Between now and 2050 – less than 30 years – the world's population is likely to rise by 2.2 billion people. That, accompanied by rising global incomes, equates to a huge increase in the demand for food. To meet that need, agricultural production will need to rise by 60%.
Because we're already farming most of the suitable land, and because we cannot slash more forests for agriculture if we are at all serious about climate change, this growth must come from higher yields. New technologies look promising. From vertical farming and hydroponics to desert farming and the use of drones to 'smarten' farming, we are seeing advances in how food is produced - using fewer resources, taking advantage of environments previously not used for farming, and sometimes even reducing CO2 emissions.

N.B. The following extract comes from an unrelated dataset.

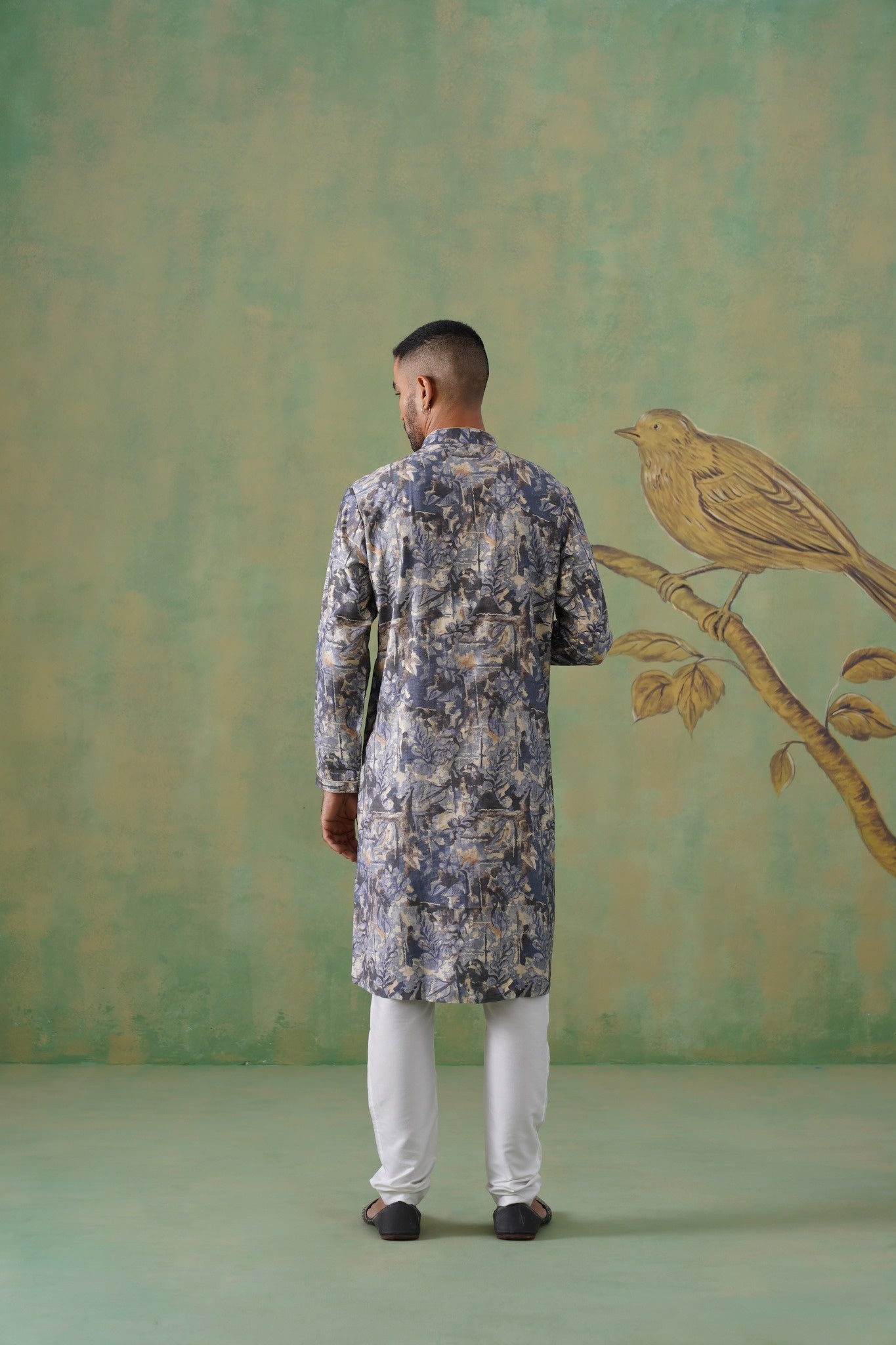 Midnight Blue Cotton Blend Printed Kurta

Reducing Food Waste and Changing Diets
But increasing productivity isn't likely to be sufficient. We see today in some cases that crop yields and animal growth rates are falling. Perhaps, instead, the focus needs to be on our behaviours as consumers, on reducing food waste and changing diets.
Today, one-third of all food produced is not eaten. A lot of food is lost before it reaches our plates, but consumers too are responsible for enormous amounts of waste.

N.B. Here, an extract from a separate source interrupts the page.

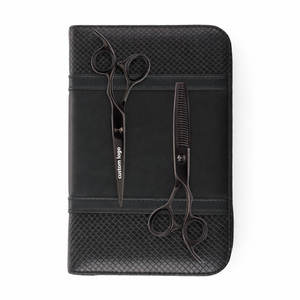 Tijeras de Precisión Ligeras Clásicas con Acabado Mate Negro, Combo de Tijeras de Corte y Adelgazamiento para Estilistas y Barberos Profesionales - Product Image 1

The meat and dairy-heavy diets of the developed world are contributing to our problems. Raising livestock is extremely resource-intensive and produces far fewer calories and nutrients per gram than plants. Beef production, for example, requires 20 times more land and emits 20 times more greenhouse gasses per gram of edible protein than common plant proteins, such as beans and peas.
So, the question is, what will it take to feed the world in 2050? Will technology be the panacea we hope, or do we need behaviour change on a massive scale?